- **The records**
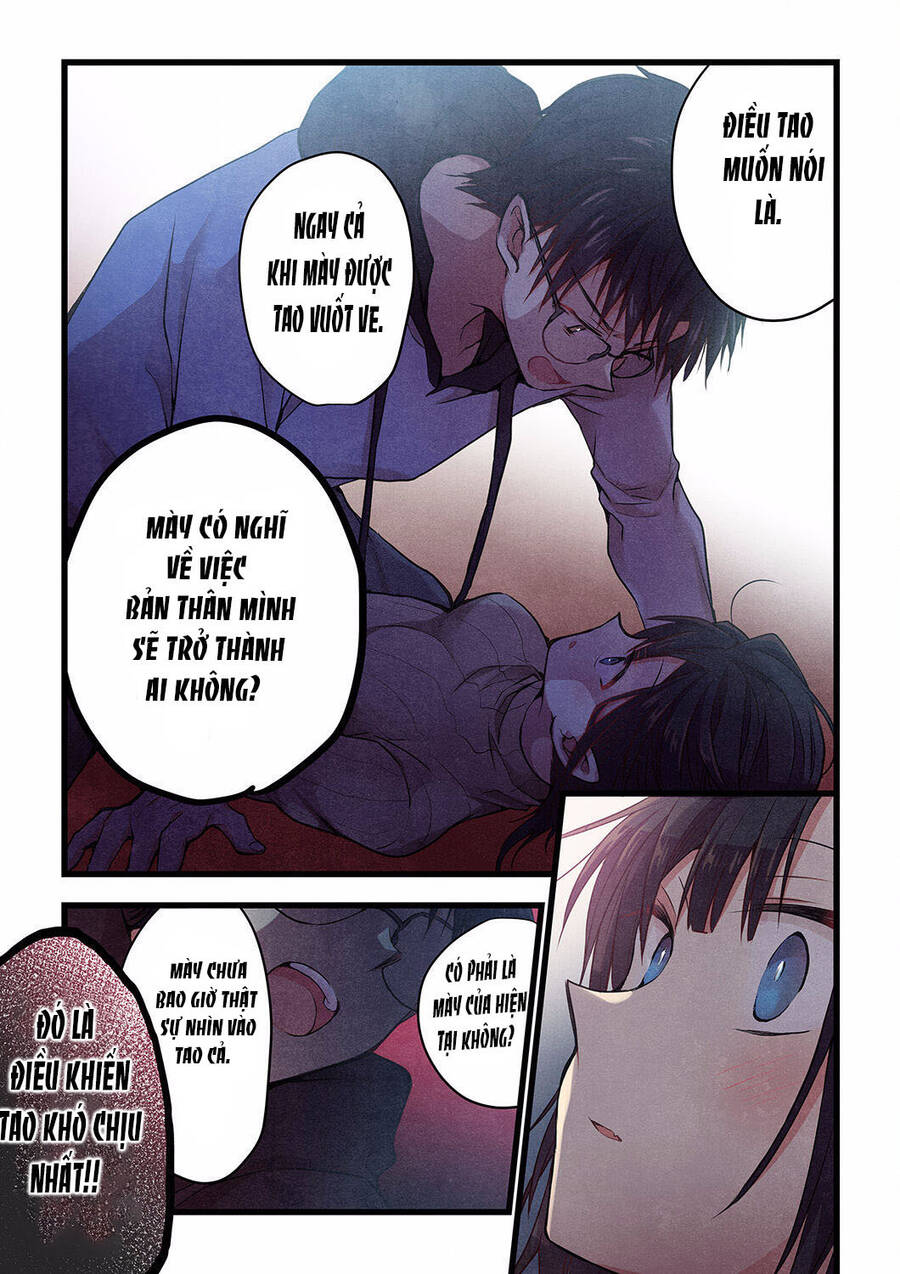 Ngay Kể Cả Khi Anh Gọi Nó Là Yêu Chap 21 - Next Chap 22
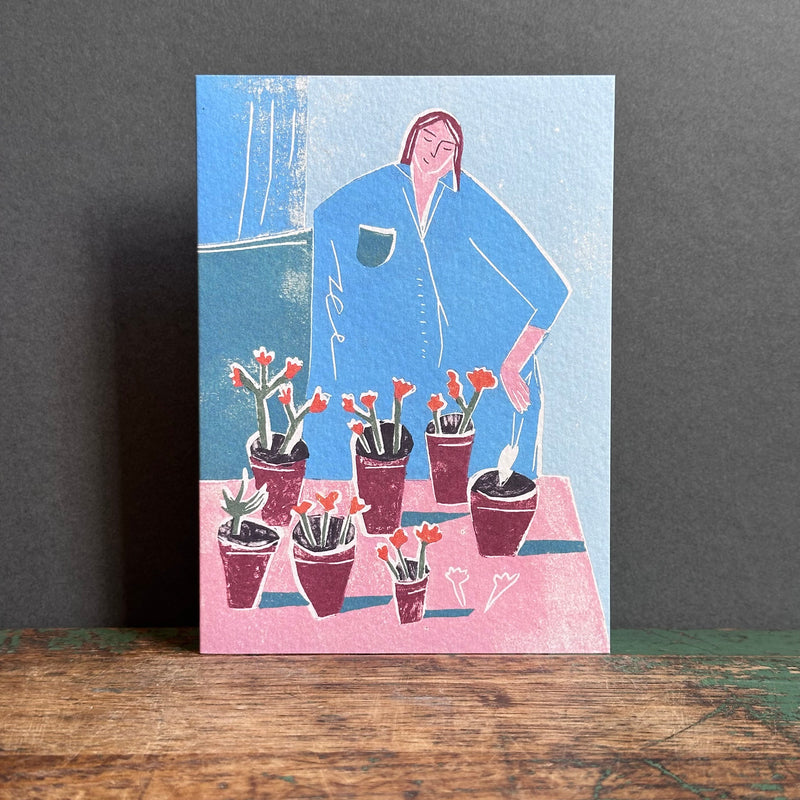 Art Card ‘Potting Plants’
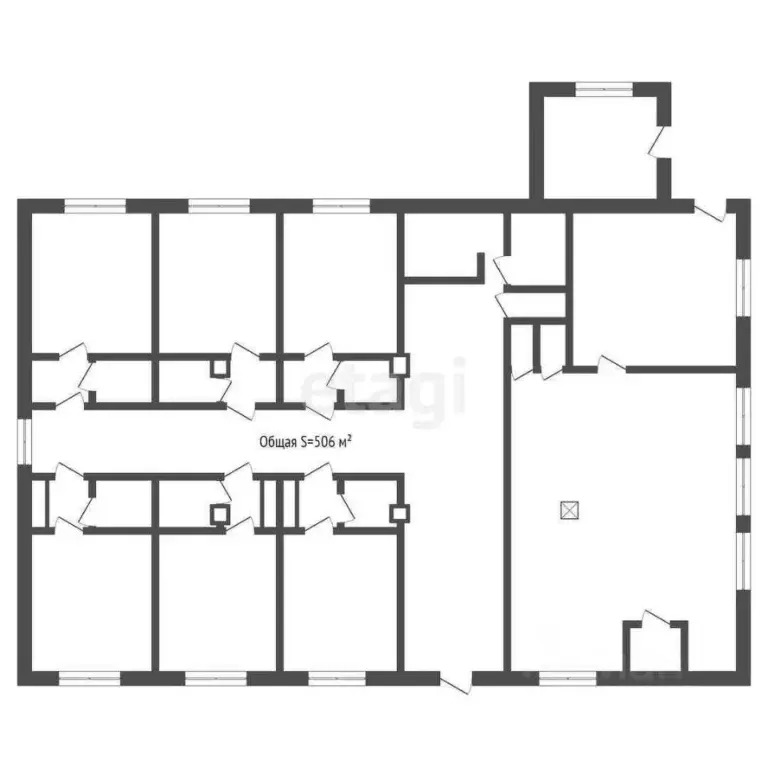 Офис в Брянская область, Стародуб ул. Калинина, 8 (506 м) - Фото 2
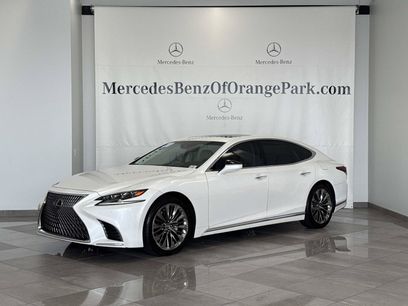 Used 2020 Lexus LS 500 w/ Accessory Package (Z1)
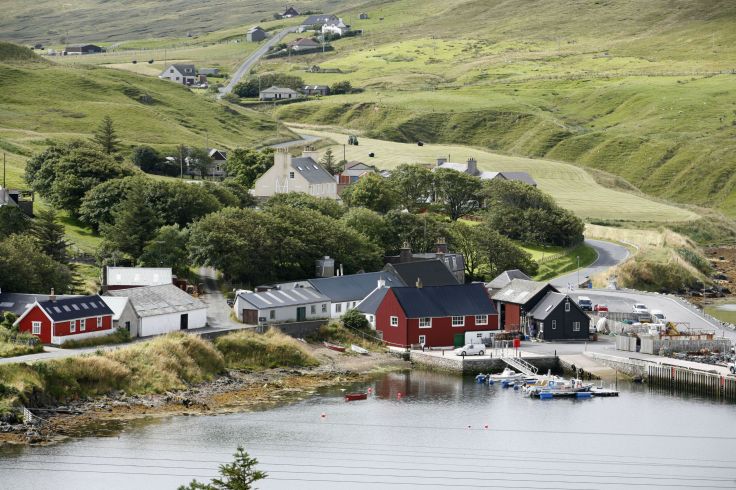 Iles Shetland - Ecosse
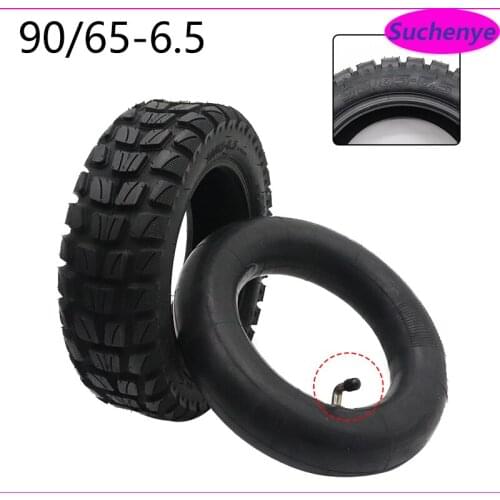 11 inch Vacuum Tire Electric Scooter Refitted 11-inch 90/65-6.5 Thick Tire Tube Outer Tire Vacuum Road Tire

- **Exercise instructions**
Please retype the whole listing above word for word and drop the pictures.

- **Result of the task**
 Ngay Kể Cả Khi Anh Gọi Nó Là Yêu Chap 21 - Next Chap 22
 Art Card ‘Potting Plants’
 Офис в Брянская область, Стародуб ул. Калинина, 8 (506 м) - Фото 2
 Used 2020 Lexus LS 500 w/ Accessory Package (Z1)
 Iles Shetland - Ecosse
 11 inch Vacuum Tire Electric Scooter Refitted 11-inch 90/65-6.5 Thick Tire Tube Outer Tire Vacuum Road Tire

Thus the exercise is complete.